Work request
Go to the line holding "Square 3D House" in the entries below and write out exactly every line down to and including the line holding "Gucci Round Interlocking".
**** Records supplied ****
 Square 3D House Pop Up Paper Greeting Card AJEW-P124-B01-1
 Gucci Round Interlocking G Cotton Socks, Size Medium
****
**** Records supplied ****
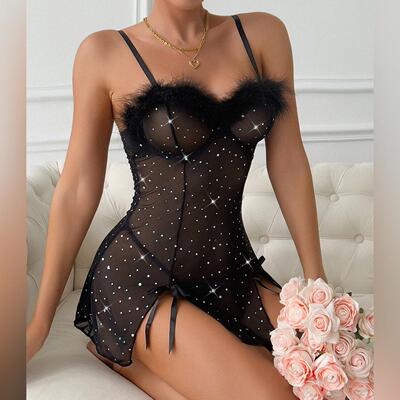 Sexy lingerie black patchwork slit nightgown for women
****
**** Records supplied ****
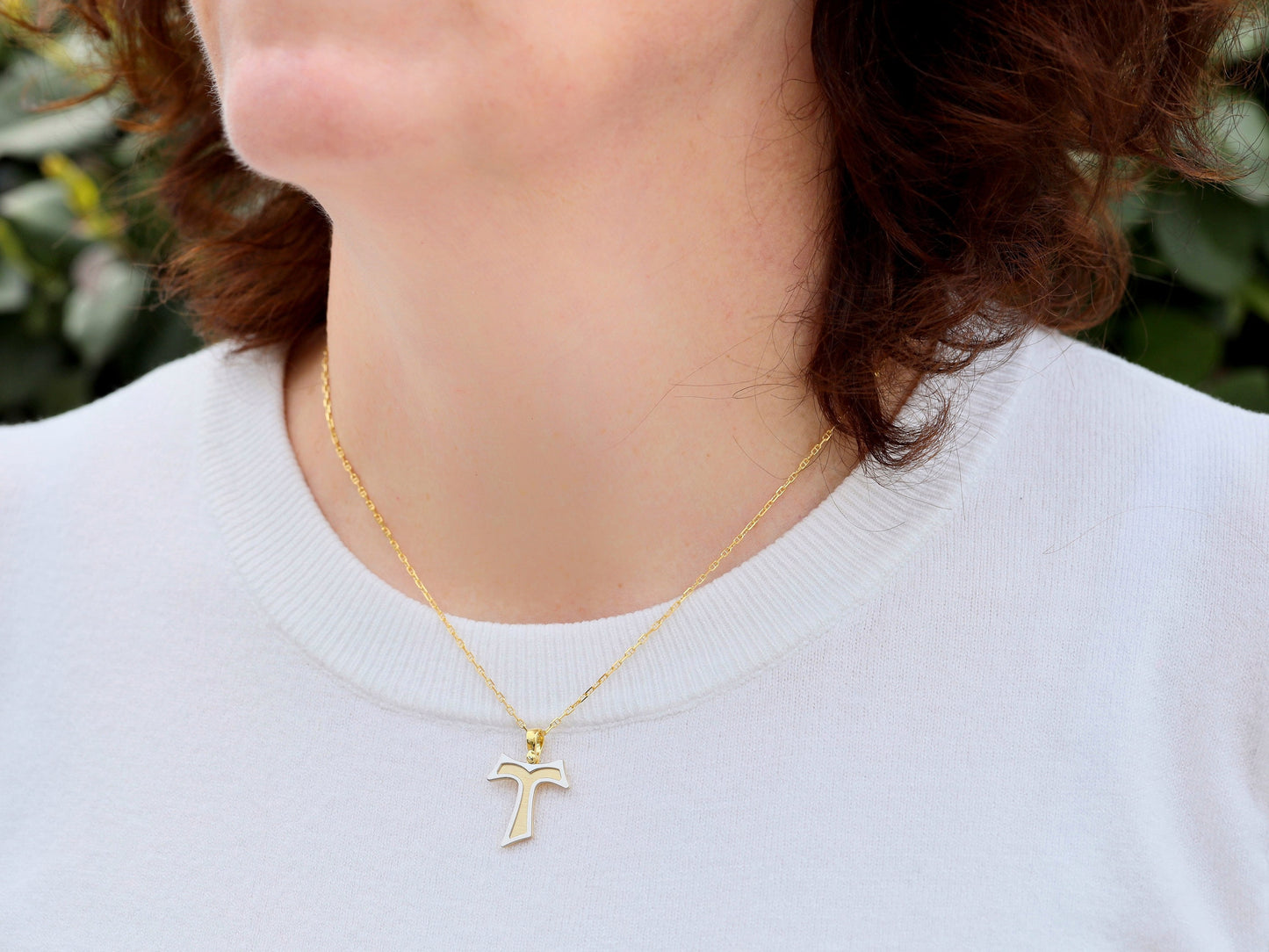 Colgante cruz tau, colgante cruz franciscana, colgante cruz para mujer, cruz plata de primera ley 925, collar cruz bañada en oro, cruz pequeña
****
Solution below
 Square 3D House Pop Up Paper Greeting Card AJEW-P124-B01-1
 Gucci Round Interlocking G Cotton Socks, Size Medium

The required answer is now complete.